FAQ

Find answers to some of the more frequently asked questions on the Forums.

Forums guidelines

Our guidelines keep the Forums a safe place for people to share and learn information.

Am I alone

B3kki
Community Member

I am so fed up and deflated. 

My heart is heavy. 

I want to cry but nothing comes out. 

I lts hard to breathe. 

I feel like im screaming under water. 

Im tired. 

I don't sleep. 

I don't want to not be here but I have thoughts of tearing myself apart. 

I am the first to always help others no matter what. 

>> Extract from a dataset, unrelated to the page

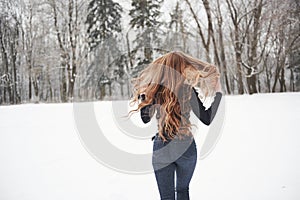 Hair to the different sides. Rear view of girl with long hair runs near the forest to the automobile in wintertime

I feel like I'm a ticking time bomb. 

Where do I start? 

2 Replies 2

smallwolf
Community Champion
Community Champion

I'm really sorry to hear that you're feeling this way. It sounds like you're going through a lot and carrying a heavy burden. I will say here that (starting wise) you have made a good start - it takes courage to write here and not knowing the sort of response you might get.

 

I don't know what sort of support network you have? Perhaps you could reach out to someone you trust like a friend, family member, or a professional. Starting with a conversation can be a good step towards finding the help and guidance you need.

 

Take care of yourself, and know that there are people who care about you. Listening to you...

therising
Valued Contributor
Valued Contributor

Hi B3kki

 

What you're going through sounds so absolutely torturous. While the circumstances vary when it comes to what takes us into the depths of a depression, those who have felt the depths have all found the feeling of heartbreak, along with the question 'How do I go on living (under the circumstances)?'. So much torment in that place.

 

With the challenge of facing the ins and outs of depression, I've come to realise I'm not always aware (at first) of exactly what circumstances have led me there, into the depths. When I come to make sense of the reasons, my thought is always 'No wonder I feel the way I do'. There's always a reason for why we feel the way we do. Some of the reasons you might be able to relate to perhaps, based on some of what you say

  • The feeling of being the raiser of others yet not being raised in significant ways our self. Who raises the raiser of others?
  • The feeling of drowning in a sea of pure exhaustion
  • The feeling of suffocating under too many challenges, which can include an exhausting degree of self analysis (with people leaving us alone to work it all out for our self)
  • The feeling of not having enough energy with which to really feel life with (aka an actual depressing lack of energy)
  • Not being able to see the way forward in a way that feels inspirational and energising. Having no one planting relatable visions of the way forward in our imagination, in order for us to see what begins to excite us, can be a major factor at times. If you are a seer for others when it comes to clearly seeing what what ails them or lies at the root of their problems, what leads them to feel most supported and what leads them to feel raised out of where they are, it isn't unusual for a seer to not be able to see for themself at times. Bit of a mouthful but...most seers will seek out a seer to see for them. Hope that makes sense. I have a few of those people in my life.